A federal judge in Pennsylvania just issued a ruling on Monday that sided with counties that are fighting against the strict coronavirus lockdown rules put in place by Governor Tom Wolf (D).

In his 66-page opinion that was filed on Monday, U.S. District Judge William S. Stickman IV ruled that Wolf’s COVID lockdown measures violated the First Amendment right to freedom of assembly as well as the Due Process and Equal Protection clauses of the 14th Amendment, according to Trib Live.

Thomas W. King III, an attorney representing the plaintiffs, celebrated the ruling as a “complete and total victory for the counties, businesses and the representatives.”

“You can’t order the entire population of Pennsylvania to stay at home,” he added.

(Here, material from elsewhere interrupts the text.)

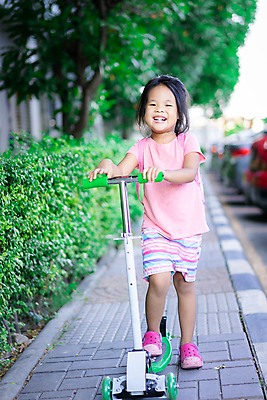 포토 JPG 해외이미지 공원 행복 어린이 스포츠 모션 놀이 거리 한명 미소 사람 동양인 야외 여름 봄 유치원 기쁨 스쿠터 승차 롤러 걸음마 해외포토 1 계절 공공시설 교육 감정 표정 인종 오토바이 파일형식 이미지허브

The counties of Butler, Fayette, Greene, and Washington teamed up to file the lawsuit, which claimed that the restrictions ordered some businesses to close while other essential businesses were permitted to remain open, arguing that this violated the Equal Protection Clause of the 14th Amendment.

While Stickman said in the ruling that Wolf’s measures were “well-intentioned,”he added that “good intentions toward a laudable end are not alone enough to uphold governmental action against a constitutional challenge. Indeed, the greatest threats to our system of constitutional liberties may arise when the ends are laudable, and the intent is good — especially in a time of emergency.”

“Even a vigilant public may let down its guard over its constitutional liberties only to find that liberties, once relinquished, are hard to recoup and that restrictions — while expedient in the face of an emergency situation — may persist long after immediate danger has passed,” the judge explained.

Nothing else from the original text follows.